Nonostante le cose belle che la società agricola evoca e dei quali in tempi di crisi e di società frenetica si è in tanti a sentire il fascino di autenticità, di purezza e di salute, non mancano le preoccupazioni: dei ragazzi sopra i 18 anni, ben il 47% segnalano problemi di isolamento, fisico  e sociale, la mancanza di luoghi d'incontro e di aggregazione.

Crescendo, dei figli nella fascia d'età fra i 18 e 39 anni, solo un terzo vorrebbe continuare il lavoro di famiglia e subentrare nell’azienda di famiglia. Più della metà pensa che l'attività agricola non possa offrire un reddito sufficiente e che lascia inoltre poco tempo libero. Pur esprimendo l'esigenza di maggior accesso al credito (il 29,6%) per potere fare fronte alle difficoltà che i giovani incontrano nelle fasi di inizio attività o di subentro, la ricerca segnala come più della metà non è a conoscenza delle agevolazioni a cui potrebbe accedere un giovane agricoltore.

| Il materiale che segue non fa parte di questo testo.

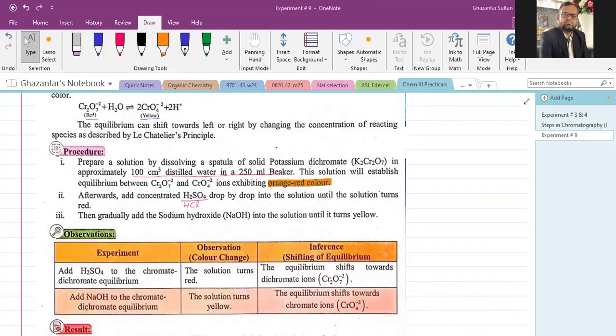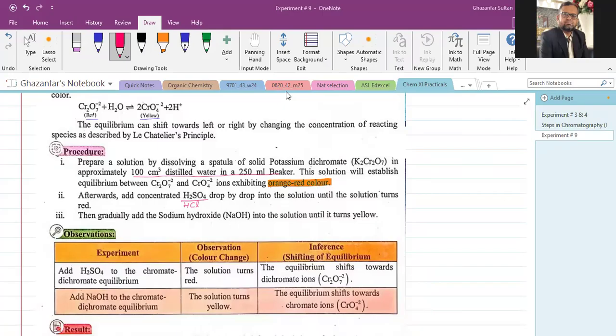Note that adding more water causes the color to shift towards yellow. This is because water appears on the left-hand side of the equilibrium equation — increasing any component on the left shifts the equilibrium to the right, towards the chromate (yellow) side. That is why the solution becomes more yellow as more water is added.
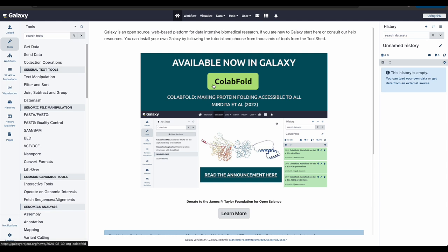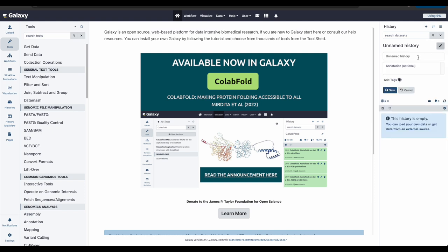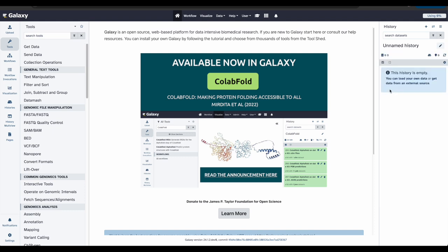Let's start by creating a new history. To create a history, click the plus icon at the top in your history panel on the right. It is going to automatically be called unnamed history. Let's rename the history to something easy for us to identify and find. To do that, we'll click the pencil icon right here, and we can change the name. For this tutorial, let's just call it Galaxy 101. And don't forget to click save.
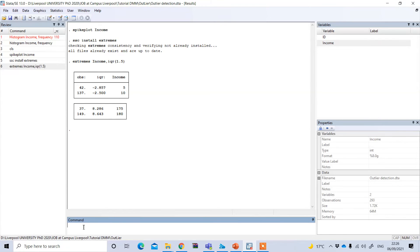The last method is also a non-graphical method for identifying outliers: using the Z-score. Using the Z-score we want to see if any value is more than two standard deviations away from the mean — though some researchers use three, the normal practice is two standard deviations. To do this, under the command option type 'egen sd_income = std(income)' to create a new variable called sd_income containing the standardized values.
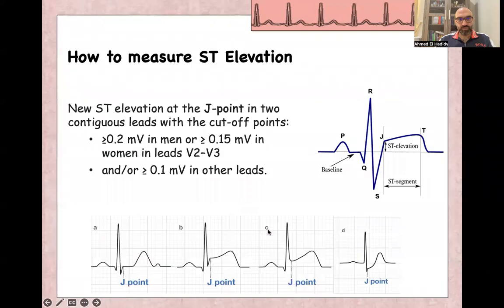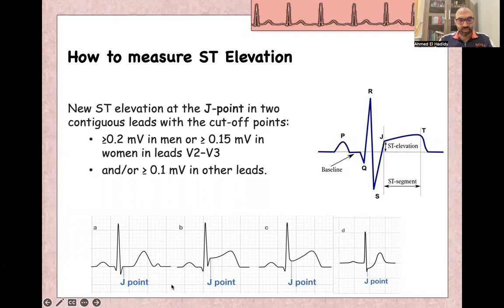ST elevation is measured from the J-point, which is the junction between the ST segment and the QRS complex. To classify as ST elevation, we must have more than 0.2 millivolts in men, or 0.15 millivolts in women in leads V2 and V3, or more than 0.1 millivolts in the other leads. This is a normal ST segment; this shows an elevated ST segment of more than two small squares, meaning more than 0.2 millivolts. This is the J-point with ST depression.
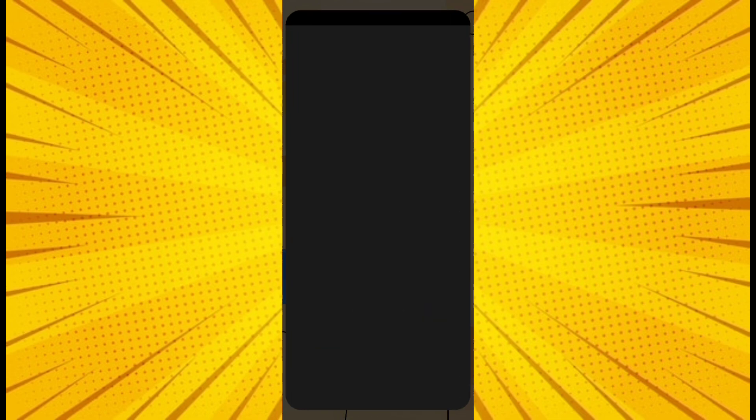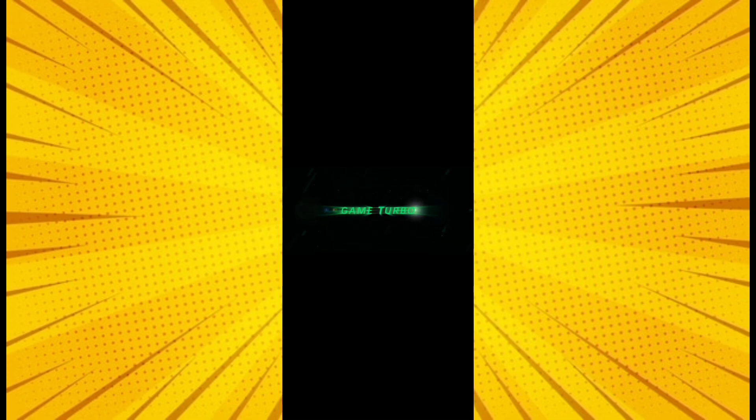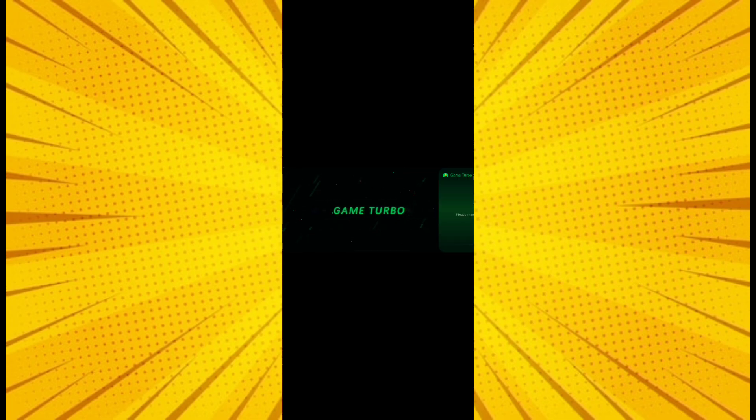After installation, open the app. The app takes a few seconds to open after installation. After opening, choose the game which is lagging in your device.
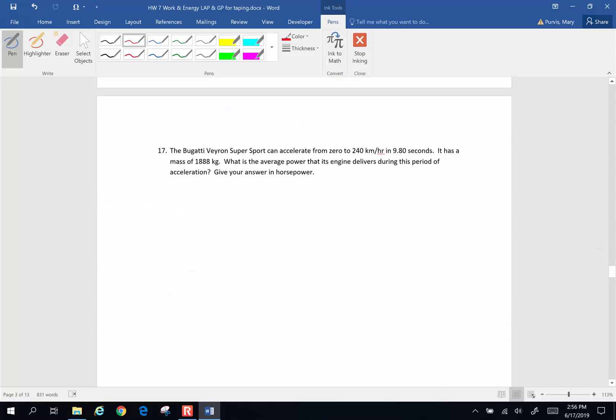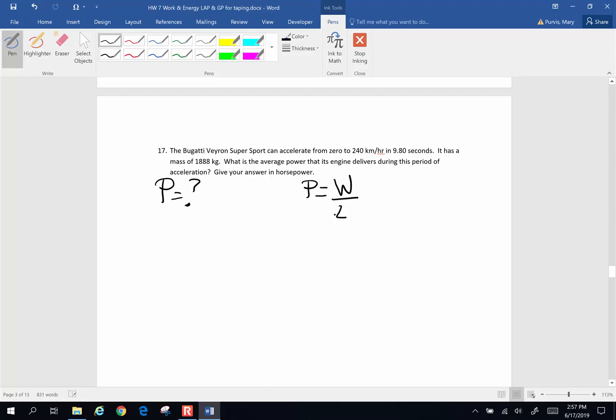Here's another one. The Bugatti Veyron Supersport, it's a car, can accelerate from 0 to 240 kilometers per hour in 9.8 seconds. It has a mass of 1888 kilograms. What is the average power that the engine delivers during this period of acceleration? And give your answer in horsepower. So we want to know power. Power rating is what we are after.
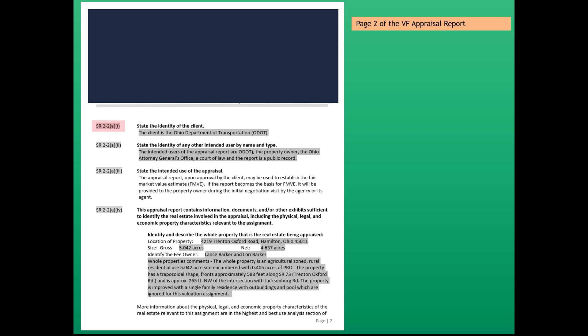The first USPAP standard rule, standard rule 2-2 AI, says state the identity of the client. For ODOT projects, the client is ODOT. You may need to change the name to the LPA for LPA projects.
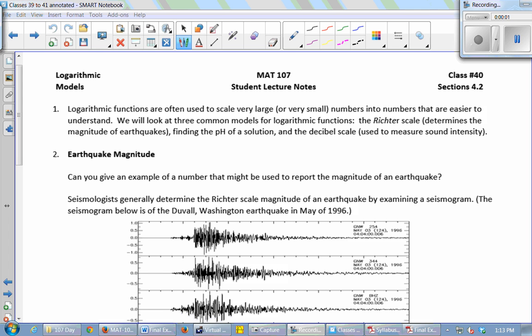We're going to talk about using logarithmic functions to model real-world stuff. Logarithmic functions are often used to scale very large or very small numbers into numbers that are easier for our brains to conceive of.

Da questo fenomeno vengono le indicazioni dell’Ismea: «Le politiche di sviluppo rurale dovrebbero puntare ad aumentare la redditività dell'impresa, la rimunerazione del lavoro familiare e promuovere attività di integrazione del reddito agricolo. Vanno valorizzate anche l'identità culturale, le tradizioni locali e il fascino del mondo agricolo, la conciliazione tra tempo di lavoro, tempo per la famiglia e tempo libero».